Horowitz suggested that a lawsuit from Catholic students against DePaul should be pursued.

Other topics that we're discussed by Horowitz included the Duke lacrosse team rape case--the accused were "convicted" by not only the media, but members Duke's faculty.

A long question and answer session followed, a few Horowitz opponents (all of whom were quite respectful and polite) had their say.

Horowitz probably didn't change any minds that night, but as Neo-Neocon likes to say, "Change is a slow process." Check back in a few years, I guess.

Some people did not show up. Horowitz said that DePaul's faculty boycotted the event, although at least two professors, besides Cohen, showed up and asked questions and expressed their opposition to some of Horowitz' claims.

Students for Justice in Palestine (which Horowitz called a "Jew hating organization") and United Muslims Moving Ahead were absent too.

These are the organizations that led the charge for the dismissal of 15-year adjunct professor from DePaul.

But they talked to The DePaulia about the event:

"I believe that students are supposed to look up to their professors, be motivated by their professors to do good and above all, be certain that their professors are good people who care to educate other individuals and spread knowledge and encourage friendly debate.

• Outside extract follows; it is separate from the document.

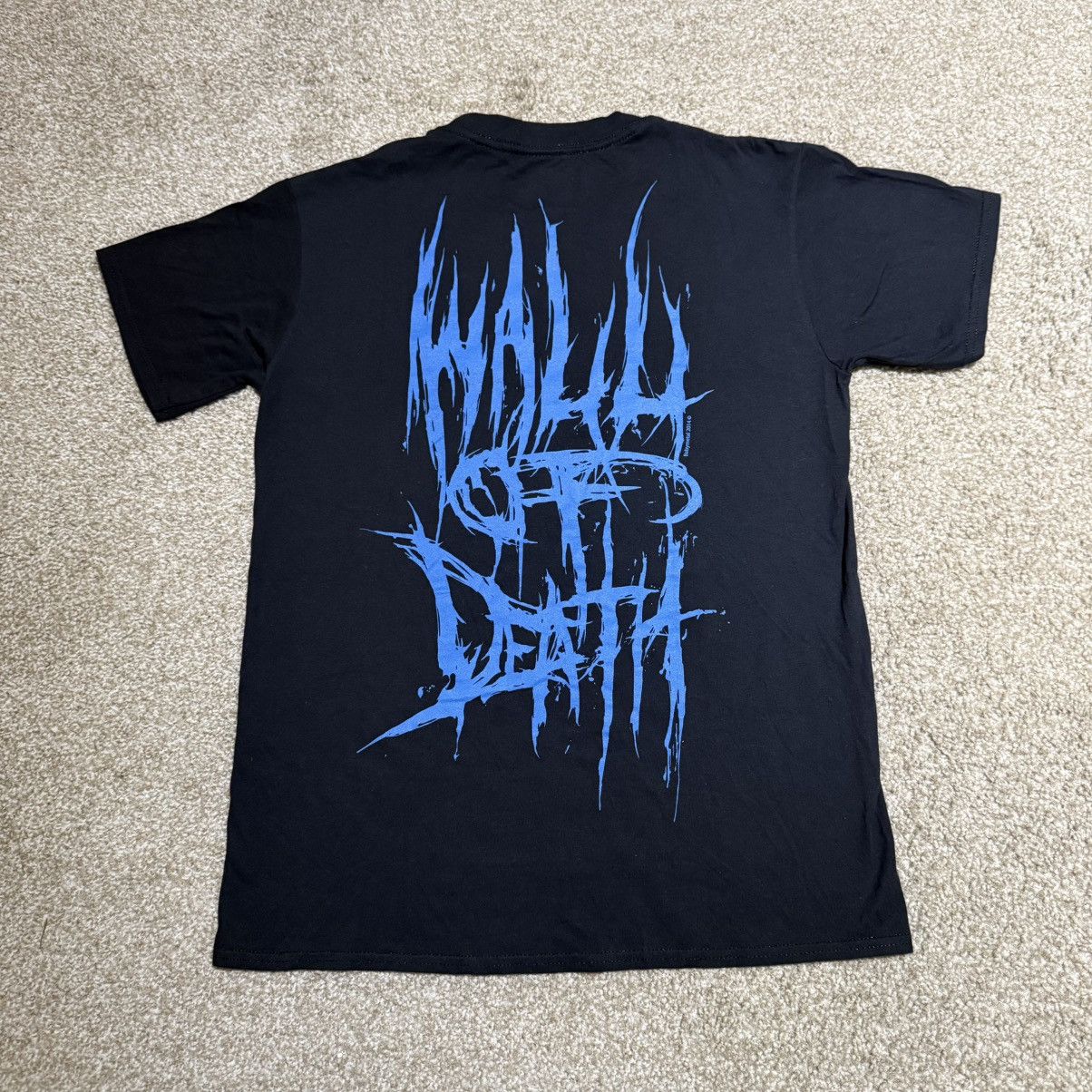 Other Babymetal Official Merchandise Tag Gildan Size US M / EU 48-50 / 2 - 2 Thumbnail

Spreading a message that perpetuates hatred and racism, including insulting students who have a different point of view, should never be endured nor accepted at any university, especially at DePaul," vice president of SJP and a senior international studies student, Christina Gamin said.

President of UMMA and a junior elementary education student, Ahlam Hassan, said there is a fine line between free speech and direct defamation.

"I am confident that if they truly knew what Islam preached, then they would not make false accusations or comments such as those. Islam preaches peace, mercy and understanding," Hassan said. "By no means does it support terrorist acts. Acts of terror by radical extremists affect the average American Muslim as much as, if not more, than any other American because it is our perfect religion that is being tarnished, and it is us that have to defend it."

Both student groups involved in the altercation believe the university dealt with Klocek in an appropriate manner.

Hey, UMMA and SJP: There was no defamation. Among other things, what Klocek said that day was that there was a qualitative difference between a suicide bomber and the Israeli Defense Forces taking necessary actions to prevent terrorist attacks. You just didn't like what he said.

It's likely that the men and women of UMMA and SJP who had that 2004 conversation with Klocek--and led to his livelihood being taken away--have graduated and moved on.

As for the current members of those groups, simply put, they are cowards for not showing up to what was truly a free speech forum.

The DePaul Conservative Alliance organized the event. Nick Hahn of the group did a terrific job as moderator. Keep an eye on this guy, he's going places.

Oh, sorry for the lack of photographs. Cortelyou Commons is a beautiful room, but its dark wood panels make successful picture taking a challenge.